Give A Little : Même « punition » que pour le précédent morceau : le groupe alterne passages heavy et speed endiablé pour une efficacité maximale. Un pur joyau pour la scène. A noter, un break d’une lourdeur bien dosée et millimétrée.
B. : C’est un titre qui parle tout simplement du fait de prendre des décisions ou non, de domination ou de soumission. Les paroles insistent sur la nécessité d’être son propre arbitre. C’est le thème central. Musicalement parlant, on ressent cette influence punk de la côte est qui a toujours existée au sein du groupe. Nous sommes de grands fans de cette musique. J’ai commencé à pogoter sur les Ramones afin de partager la scène avec Slayer.
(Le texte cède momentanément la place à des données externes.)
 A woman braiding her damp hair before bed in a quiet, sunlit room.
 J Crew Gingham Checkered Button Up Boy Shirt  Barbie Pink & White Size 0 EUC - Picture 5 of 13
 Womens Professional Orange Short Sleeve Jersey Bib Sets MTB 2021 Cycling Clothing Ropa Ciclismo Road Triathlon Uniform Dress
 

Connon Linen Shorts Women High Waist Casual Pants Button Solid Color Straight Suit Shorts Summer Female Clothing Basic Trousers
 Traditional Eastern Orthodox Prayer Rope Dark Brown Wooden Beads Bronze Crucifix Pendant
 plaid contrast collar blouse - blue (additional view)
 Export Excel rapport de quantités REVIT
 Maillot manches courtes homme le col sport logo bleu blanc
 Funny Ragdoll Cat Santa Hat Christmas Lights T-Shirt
Endless War : Un morceau qui nous fait penser qu’Udo Dirkschneider (Accept) a quand même bien influencé le chant de Bobby « Blitz ». Ce titre reprend tous les ingrédients d’Overkill. A noter, une belle cavalcade de guitares doublées à la tierce.
B. : C’est un morceau qui parle du fait de se battre en général. Il n’y a rien de politique dans ce texte. Nous avons tous quelque part des problèmes dans notre vie personnelle. Quand je suis confronté à ce genre de problème, le mieux est de faire face plutôt que d’essayer de l’éviter.
The Head And Heart : Des arpèges inquiétants qui laissent présager d’un déluge sonique à venir. Overkill élabore ici une pure bombe pour le live avec une alternance de passages tout en retenue et des explosions d’agressivité. Au début, Bobby prend une voix d’outre-tombe avant de revenir à son style gouailleur et tranchant comme une lame de rasoir.
B. : En fait, cette chanson parle de la façon dont mon cœur ou ma tête peuvent me m’abandonner par moments… Les deux ne fonctionnent pas toujours ensemble et l’un te fait parfois réagir plus que l’autre… Ce titre est inspiré d’un livre…
In Vain : Un titre correct qui n’est pas forcément le plus marquant de ce disque. Le break avec ces voix scandées sonne bien punk.
B. : Un titre qui parle, à nouveau, du fait de combattre et de sortir victorieux de ce combat…
Killing For A Living : une courte intro et nous voilà replongés dans un bain en fusion. La voix de Bobby passe dans un filtre alors que chaque musicien se prépare à envoyer du bois. Pas de surprise, tout est en place pour que ça dépote et que tout le monde en ait pour son argent…
B. : Les paroles que j’écris sont basées sur des sentiments personnels et des thématiques parfois très éloignées de ma vie quotidienne. Ce morceau traite de l’individualisme entre les hommes…
The SRC : Après un peu plus de 40 secondes d’une intro bien lourde, les thrashers remettent ça de plus belle avec une série de riffs tranchants. On clôture ce disque comme on l’a commencé, c’est-à-dire pied au plancher avec la certitude que ce genre n’a que faire du temps et des modes qui passent. Putain, on est déjà en 2010 !
Propos recueillis Laurent Gilot
Overkill, Ironbound (Nuclear Blast/Pias)
Sortie le 29 janvier 2010
En concert au CCO Villeurbanne (Lyon), le 18 février 2010, et au Nouveau Casino (Paris), le 23 février 2010.